- _Work to be completed_: Your reply should be a faithful copy of the records below, free of pictures.

- _Dataset content_:
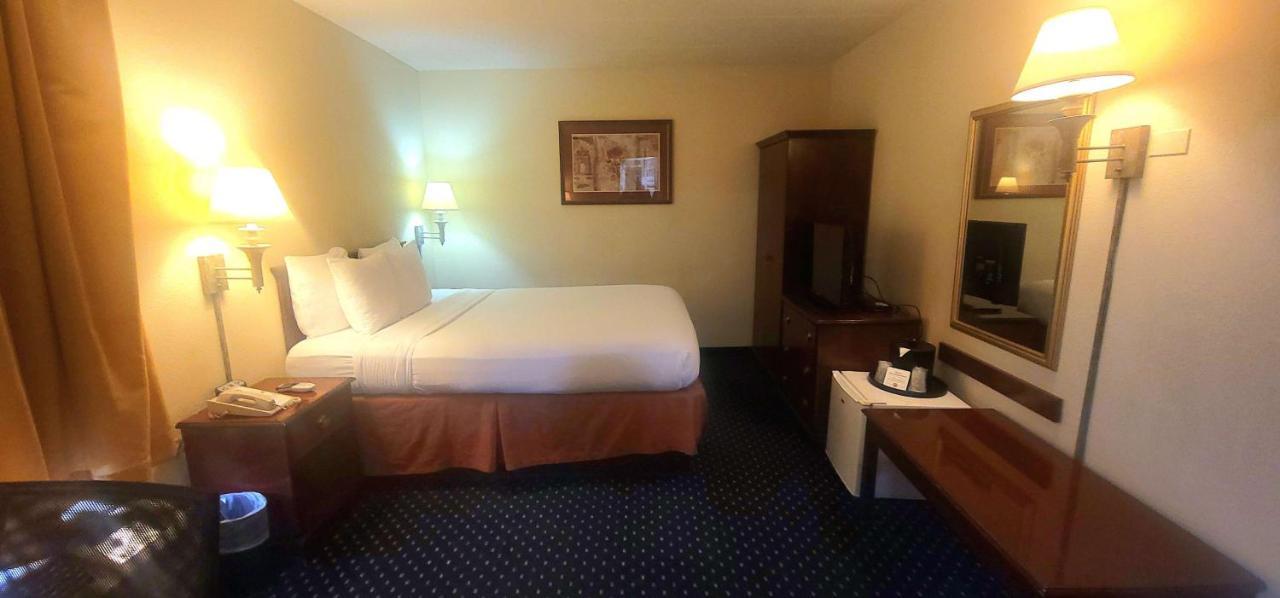 Surestay Plus Hotel By Best Western Chicago Lombard Exteriér fotografie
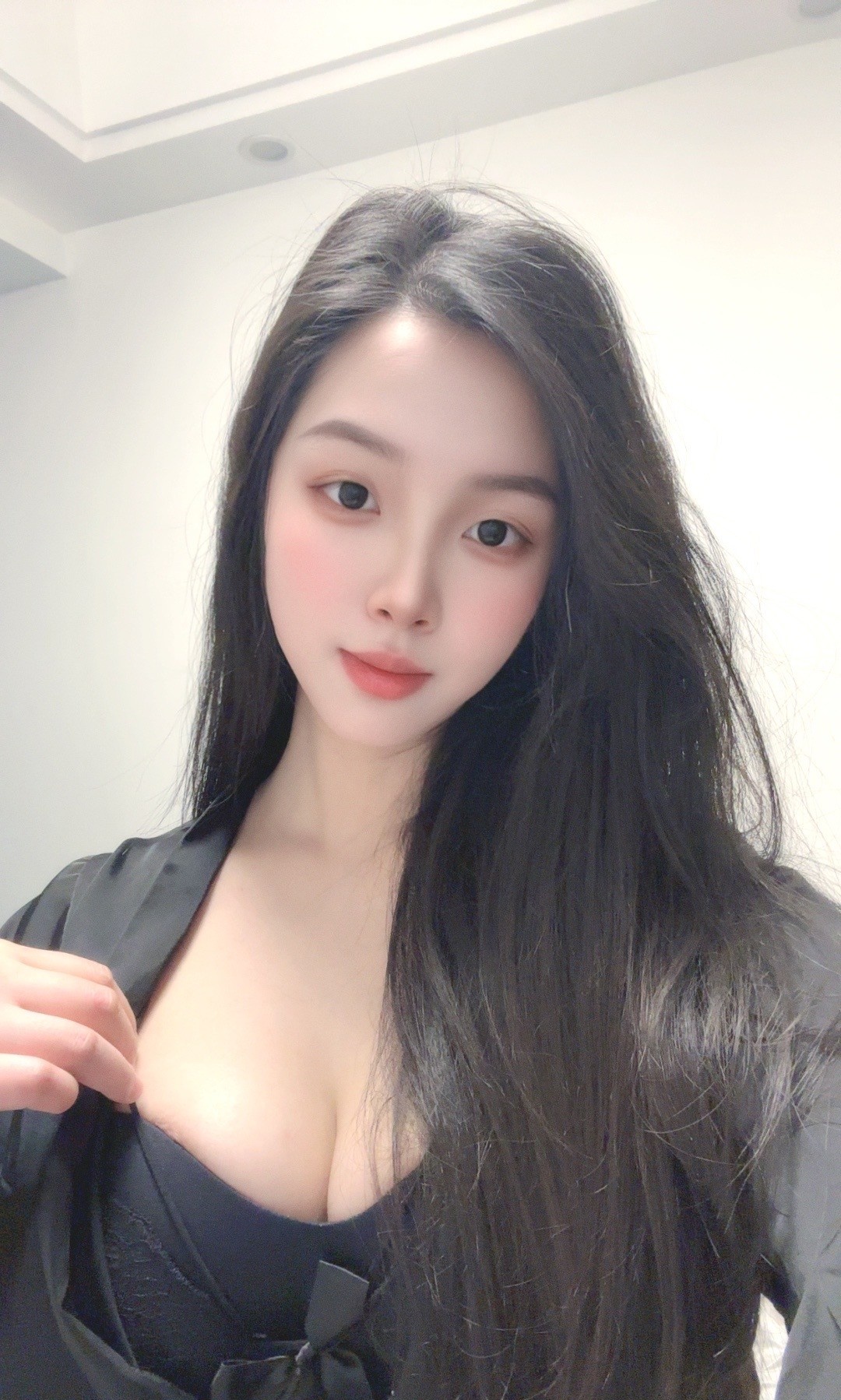 小骚明媚儿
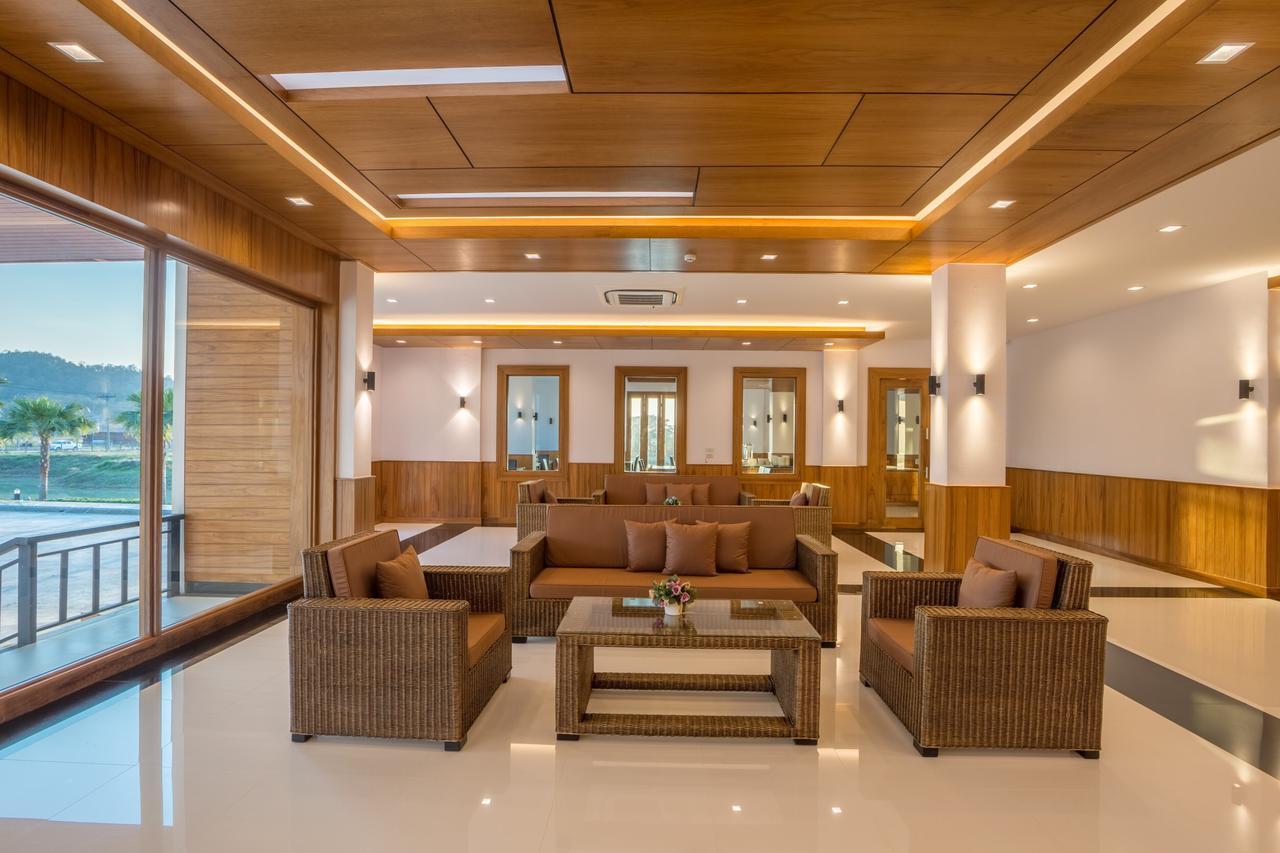 Sann View Hotel Thoeng Екстер'єр фото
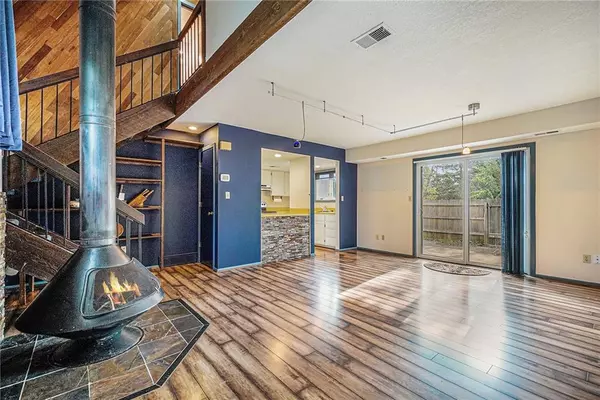 Overland Park, KS 66210,10863 Rosehill RD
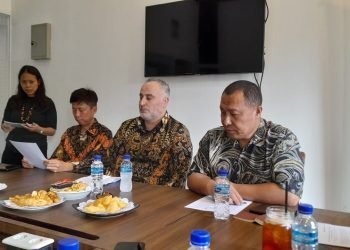 Kiri ke kanan, Direktur PT Century Sinergi Solusindo, Director of channel business in ANZ, Channel Account Manager Motorola Solutions Riswandi Sinuraya (FOTO: Muhammad/Portal Balikpapan)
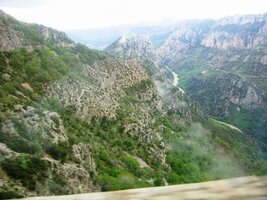 jen jako úzká stužka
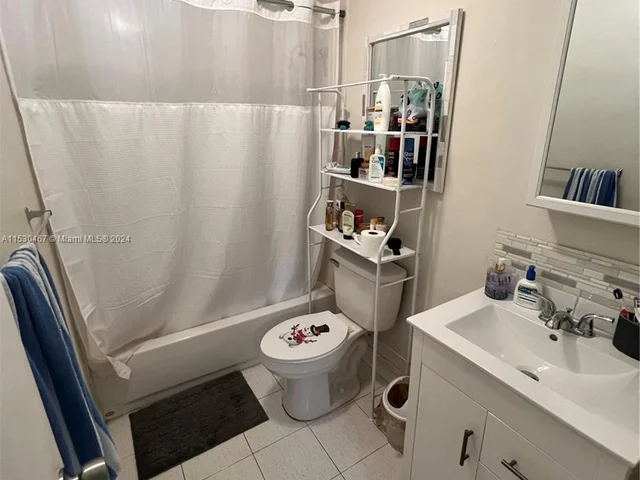 11016 SW 123rd Pl, Miami FL 33186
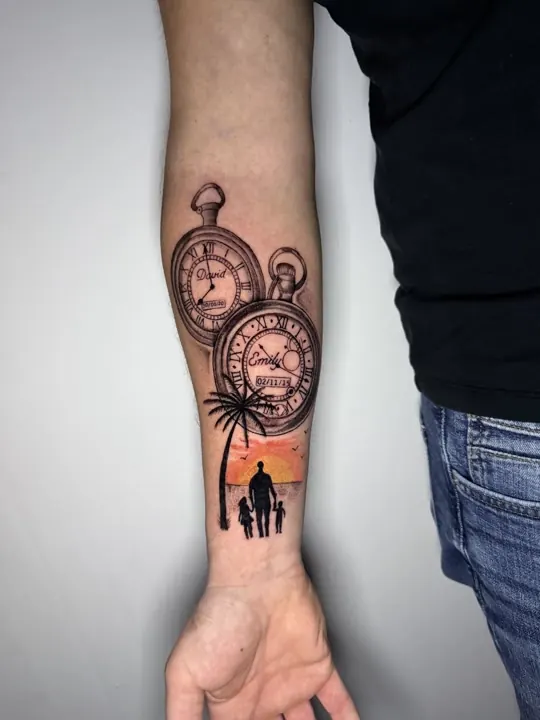 Taschenuhr mit Palmen und Silhouetten, Black and Grey Tattoo auf dem Unterarm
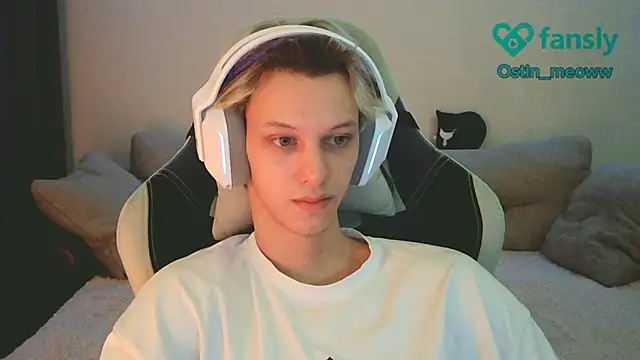 Ostin meow online show from 01/19/25, 02:06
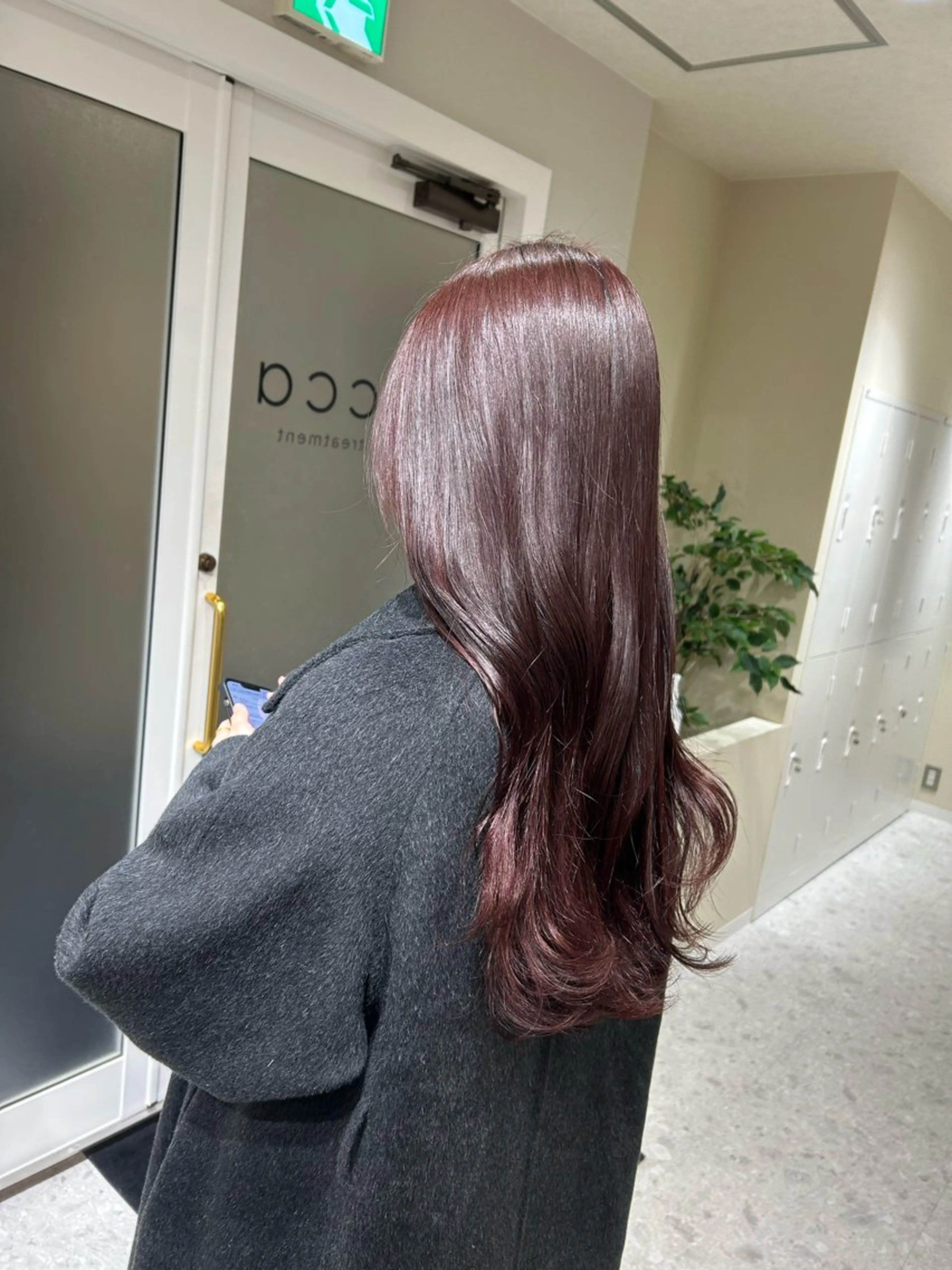 ロング カラー ブラウンカラー カシス レッドカラー カット ヘアカラー トリートメント ヘッドスパ 🩰ニシムラヒカリ 半個室salon♡*のヘアスタイル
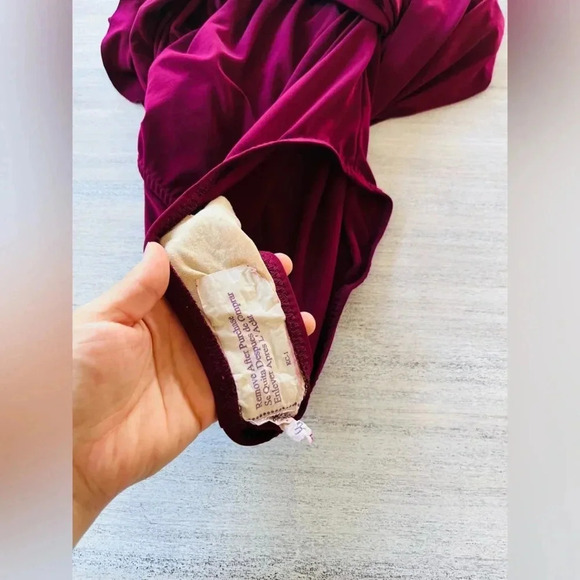 Free People Norma Kamali Diana Mini Dress in Plum Size Small NWOT $195 - Picture 4 of 11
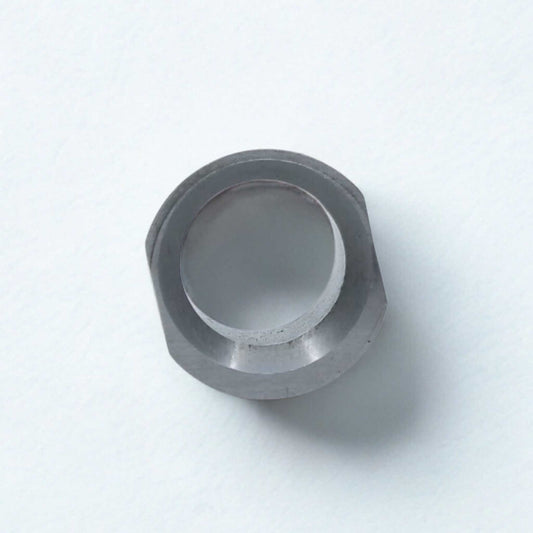 Casquillo cónico pequeño para púas cargas pacas reforzadas de 35 mm. Casquillo de acero de alta resistencia.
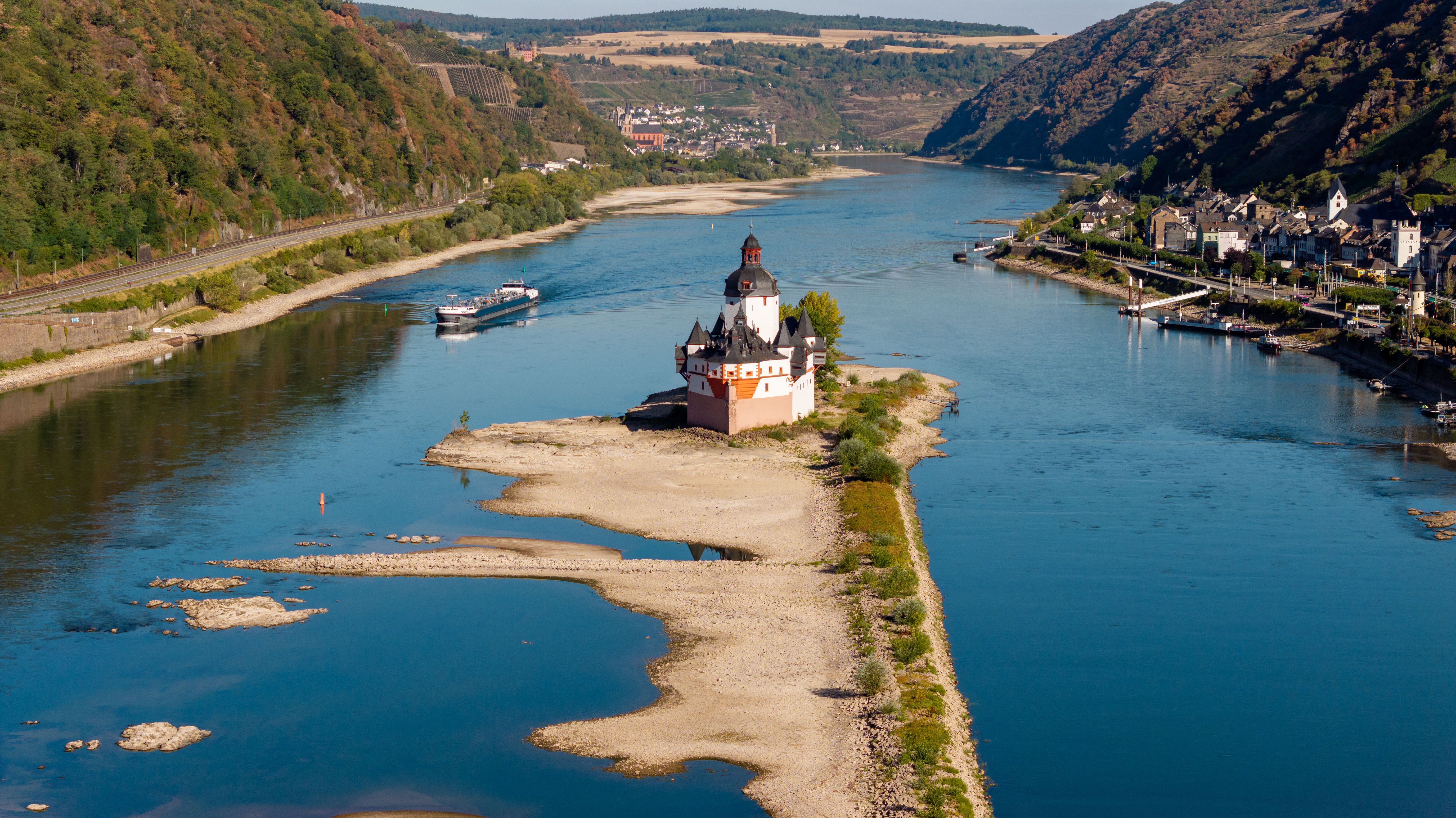 ازمة انخفاض مناسيب الانهار في المانيا تهدد سلاسل الامداد وترفع الاسعار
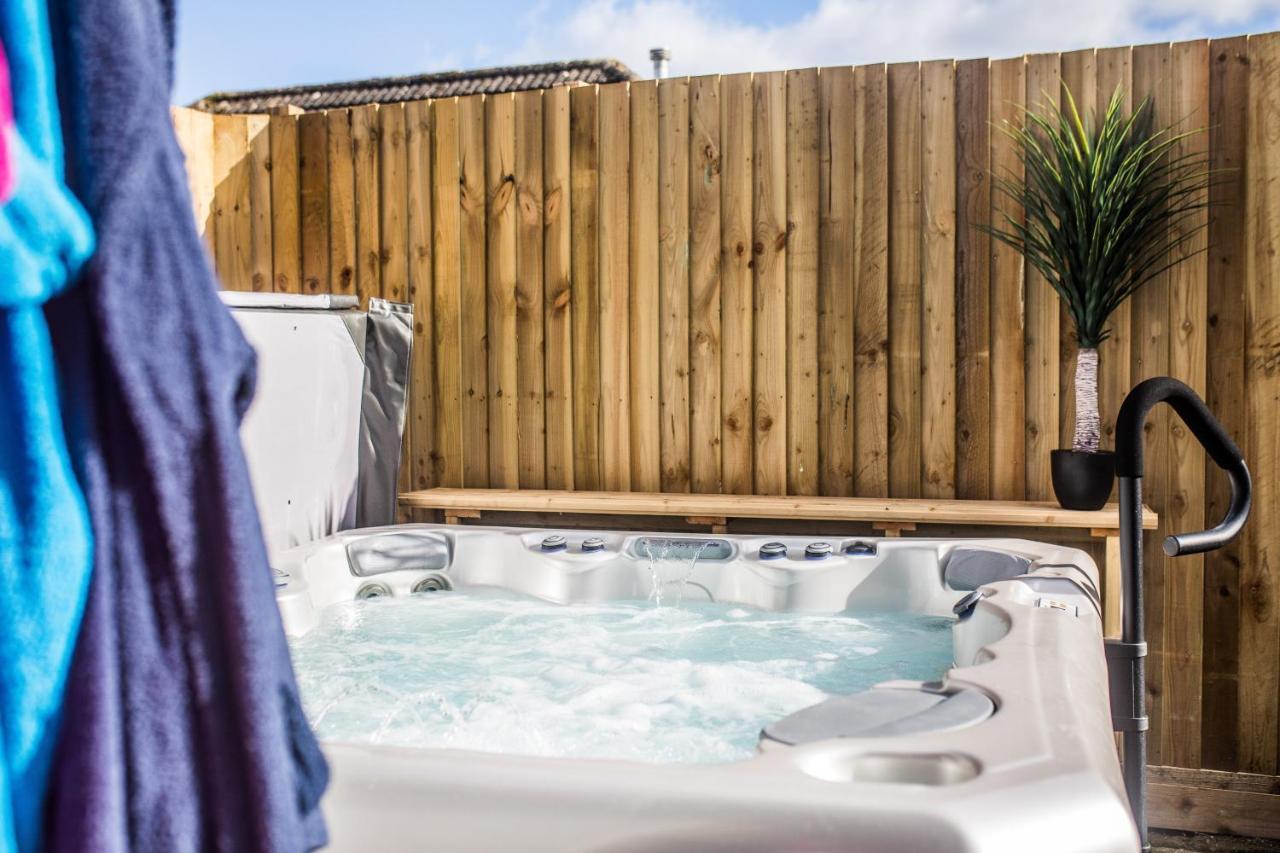 Luxury Property With Hot Tub And Sea Views Oystermouth Exterior foto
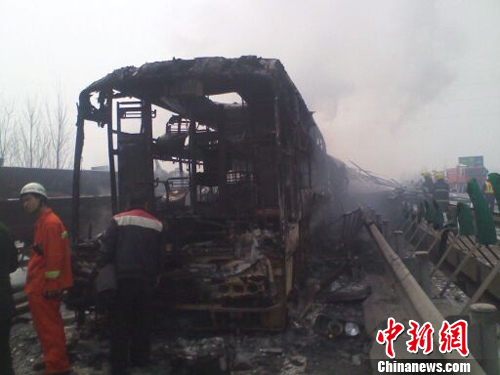 京福高速连环车祸目击:几辆大客车被烧仅剩骨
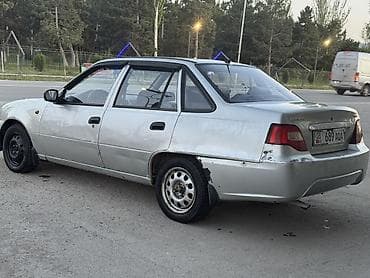 т 82: Daewoo Nexia: 2009 г., 1.5 л, Кол менен иштөөчү, Бензин, Седан — 5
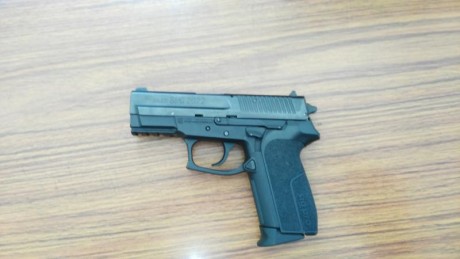 VENDO SIG SAUER 2022 SPC 2009 9mm POR NO USARLA, GUIADA CON LICENCIA A. EN SU CAJA ORIGINAL Y CUATRO CARGADORES. 01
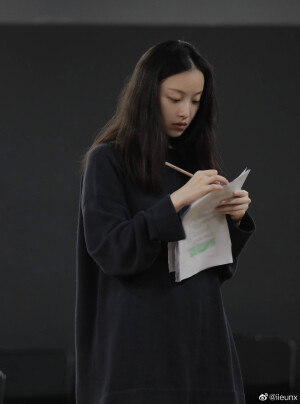 倪妮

- _Exercise solution_:
 Surestay Plus Hotel By Best Western Chicago Lombard Exteriér fotografie
 小骚明媚儿
 Sann View Hotel Thoeng Екстер'єр фото
 Overland Park, KS 66210,10863 Rosehill RD
 Kiri ke kanan, Direktur PT Century Sinergi Solusindo, Director of channel business in ANZ, Channel Account Manager Motorola Solutions Riswandi Sinuraya (FOTO: Muhammad/Portal Balikpapan)
 jen jako úzká stužka
 11016 SW 123rd Pl, Miami FL 33186
 Taschenuhr mit Palmen und Silhouetten, Black and Grey Tattoo auf dem Unterarm
 Ostin meow online show from 01/19/25, 02:06
 ロング カラー ブラウンカラー カシス レッドカラー カット ヘアカラー トリートメント ヘッドスパ 🩰ニシムラヒカリ 半個室salon♡*のヘアスタイル
 Free People Norma Kamali Diana Mini Dress in Plum Size Small NWOT $195 - Picture 4 of 11
 Casquillo cónico pequeño para púas cargas pacas reforzadas de 35 mm. Casquillo de acero de alta resistencia.
 ازمة انخفاض مناسيب الانهار في المانيا تهدد سلاسل الامداد وترفع الاسعار
 Luxury Property With Hot Tub And Sea Views Oystermouth Exterior foto
 京福高速连环车祸目击:几辆大客车被烧仅剩骨
 т 82: Daewoo Nexia: 2009 г., 1.5 л, Кол менен иштөөчү, Бензин, Седан — 5
 VENDO SIG SAUER 2022 SPC 2009 9mm POR NO USARLA, GUIADA CON LICENCIA A. EN SU CAJA ORIGINAL Y CUATRO CARGADORES. 01
 倪妮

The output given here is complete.